The caveat to all of this potential power is an organization’s ability to scale their algorithms. Deep neural networks can really be powerhouses, but they need the architecture and computational ability to be able to work well. That typically takes a highly skilled team of scientists and engineers working to create integrated deployment environments that are both effective and efficient. According to Gartner, “We will see a blend of professional data integrators and data scientists — who can use this technology (deep learning) to become more efficient.” We’ve seen that in deploying these integrated data teams of data scientists, data integration engineers, dev-ops engineers, and developers – deep learning can be achieved at scale with stunning results.
Ready to get started with deep learning?

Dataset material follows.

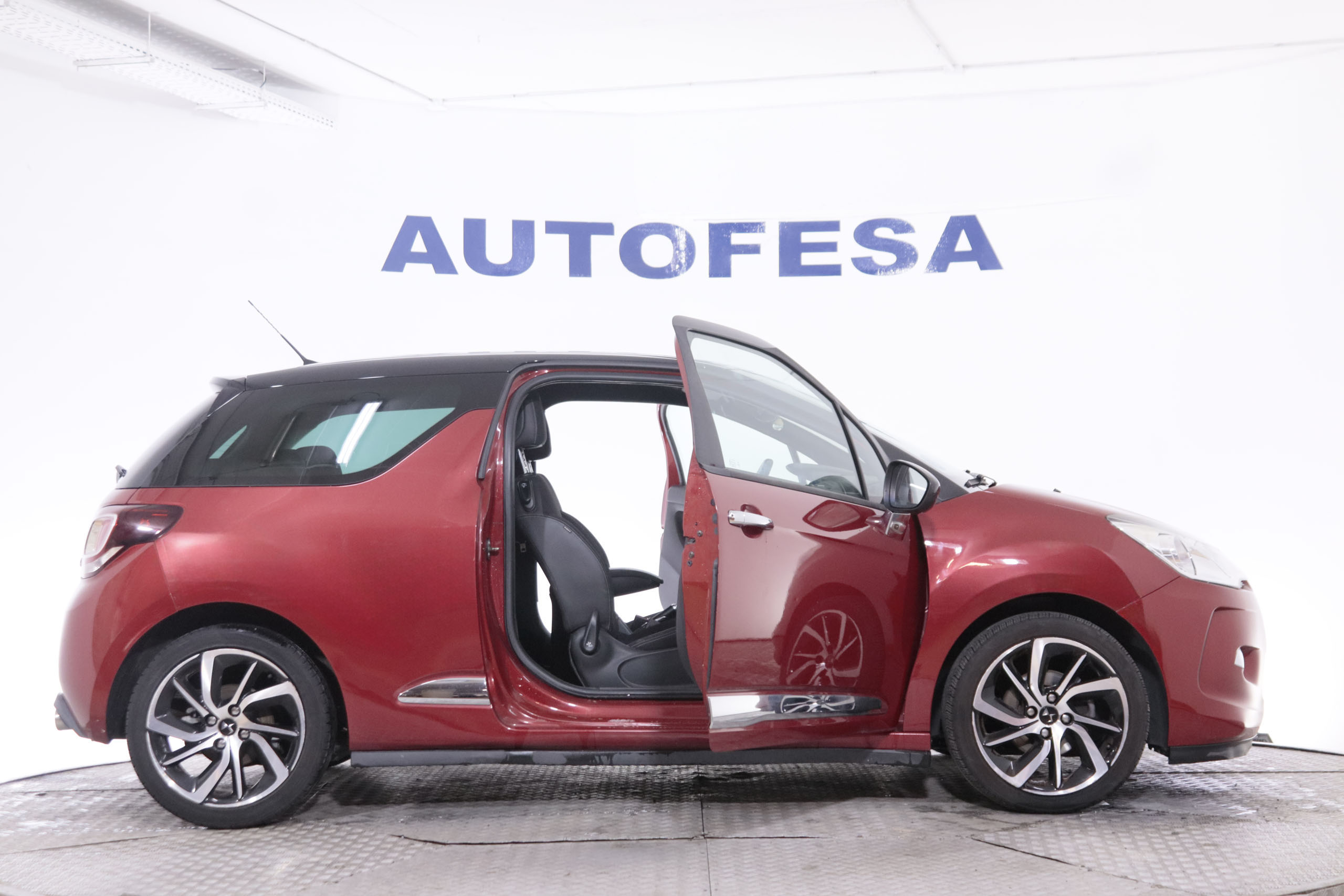 DS DS 3 1.6 HDI STYLE 100CV 3P #NAVY, PARKTRONIC foto 11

Here are the three most popular packages used by practitioners in the field:
Keras: A high-level neural networks API written and Python. It can run on top of TensorFlow or Theano. Use Keras for a deep learning library that supports fast prototyping, convolutional networks and recurrent networks, and if you want to work in Python code.
TensorFlow: This popular open-source deep learning framework leverages Google’s infrastructure for scalable training. It provides rich higher level tools for language, image and video understanding.
Theano: A Python library that lets developers define and evaluate mathematical expressions involving multi-dimensional arrays. It uses GPUs and performs efficient symbolic differentiation.